There is a US Airforce base nearby, but the only rockets fired are those from golfers teeing off.

Seve’s first Spanish course design
Continuing the air traffic theme, Golf Novo Sancti Petri at Chiclana, is probably the main hub for golf tourism in Cadiz.

The first course designed by the late great Seve Ballesteros in his native Spain, the 36 holes at Novo see a lot of play.

Of the two, the Mar Y Pinos is better than the Centro, and its 6th green – virtually on the beach – is a delight.


Beautiful ocean views at Novo Sancti Petri (credit Andalucian Tourism Office)

The Mar Y Pinos is a course of two completely different halves.

The front nine is open and winds around lakes before brushing with the coast at the dramatic 6th.

The back nine turns inland and weaves through alleys of pines that look like upturned broccoli.

Despite the busy traffic, the Novo courses remain in good shape and organized starters ensure an even pace of play.

Gastronomy: Famous sherry, sea urchins and bull’s tails
Cadiz is also renowned for its gastronomy.

Jerez Sherry in store - photo Andalucian Tourism Office

Local favourites include the tender white fish caught off the Rota coast, bulls tails and sea urchins stuffed with fish paste; all best washed down with a glass of dry Jerez Sherry.

Away from golf, visitors can enjoy Cadiz’s “Route of the White Villages,” taking in white -washed castles, churches and villages; or watch bullfighting on the “Route of the Toro” (Bull).

Route of the White Villages, Andalucia

Any trip to Cadiz is incomplete without visits to a Bodega ( winery), where the regions Sherry and Brandy is produced, and the Royal School of Equestrian Art in Jerez; where you can marvel at the energetic parade of the white horses.

Grab the bull by the horns, pack the clubs and head for Andalucia.

Grab the bull by the horns in Andalucia - Credit ATO


Montecastillo Hotel and Golf Resort

Sherry Golf Jerez

Costa Ballena GC

Golf El Puerto

Golf Novo Sancti Petri



Montecastillo Hotel and Golf Resort
Luxury five-star resort in the hills near the Jerez Formula One circuit and close to historic Jerez.

Hotel Monasterio
An 18th century converted monastery turned four-star hotel in the historic centre of El Puerto de Santa Maria.

Iberostar Andalucia Playa
Four-star hotel situated on the Playa Barrosa beach next to Golf Novo Sancti Petri.

A visit to Cadiz is a must when in Andalucia.
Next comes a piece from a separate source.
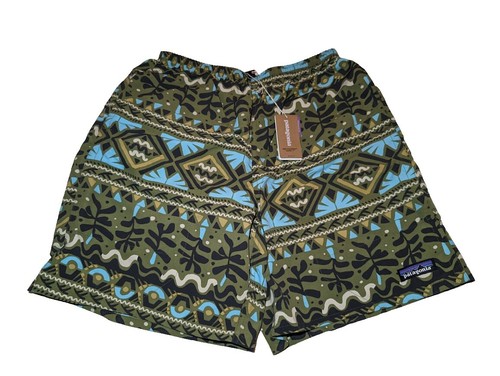Patagonia Baggies 7 Inseam Shorts Mens Small Blue White Geometric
This port city is the oldest continually inhabited city in Spain and is situated on a narrow slice of land surrounded by the sea.

An inexpensive and interesting day can be spent wandering the city’s numerous parks where exotic plants flourish. Some of the giant trees on view were supposedly brought to Cadiz by Columbus following his voyages to the New World.

In Jerez, the Royal Andalusian School of Equestrian Art is one of the most popular visitor attractions in all of Spain. The famous Andalusian horses are trained here. You can tour the school and watch demonstrations of the classic Spanish tradition of horsemanship. Check its website for timings.

Jerez is also home to the traditional Sherry cellars, known as Bodega’s, and tasting sessions are both educational and fun. Finally, with over 3200 hours of sunlight per year, a visit to the beach is a must. The La Playa de la Caleta (Caleta Beach) is one of the most popular beaches in Cadiz and is framed by two castles, Santa Catalina and San Sebastian.

Warm temperate climate ranging from 14 to 20 degrees celsius in Winter and an average of 22 degrees celsius in Summer.